1

I need to import all excel files in my directory, including sub directories, but I keep getting into an error message because there are other types of files in the same directory such as pdf and word. How do I my current code below to ignore all other types of files and only import excel files wit the xlsx extension.

for subdir, dirs, files in os.walk(data_path):
    for file in files:
            df_file = pd.read_excel(subdir + '/' +file)
            df_file.set_index(df_file.columns[0], inplace=True)
        
            df_total = pd.concat([df_file, df_total], ignore_index=True)

I tried something like if file.endswith("xlsx"): but it didn't work.

Thank you in advance.

  • What do you mean by didn't work? What was the error while using `if file.endswith(".xlsx"): ` ? – susenj Oct 28 '20 at 05:18
  • @susenj I got this message:Unsupported format, or corrupt file: Expected BOF record; found b'\rAdminis' –  Oct 28 '20 at 05:45
  • this problem is answered already, there is nothing wrong with your code, it seems. Please check: https://stackoverflow.com/questions/16504975/error-unsupported-format-or-corrupt-file-expected-bof-record – susenj Oct 28 '20 at 06:26

2 Answers2

2

The problem you are struggling with has already an answer here.

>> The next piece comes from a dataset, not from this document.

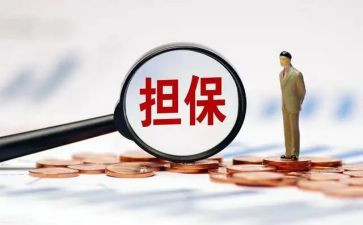 担保合同反担保合同8篇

You don't even have to use any additional module you just need the path of the directory where the excel files are and you're done.

Ayush
  • 457
  • 8
  • 16
0

You can use an if statement to check if it endswith .xlsx (I know you said you've tried it but this one would work):

for subdir, dirs, files in os.walk(data_path):
    for file in files:
        if file.endswith(".xlsx"): 
            df_file = pd.read_excel(subdir + '/' +file)
            df_file.set_index(df_file.columns[0], inplace=True)
        
            df_total = pd.concat([df_file, df_total], ignore_index=True)
abhigyanj
  • 2,355
  • 2
  • 9
  • 29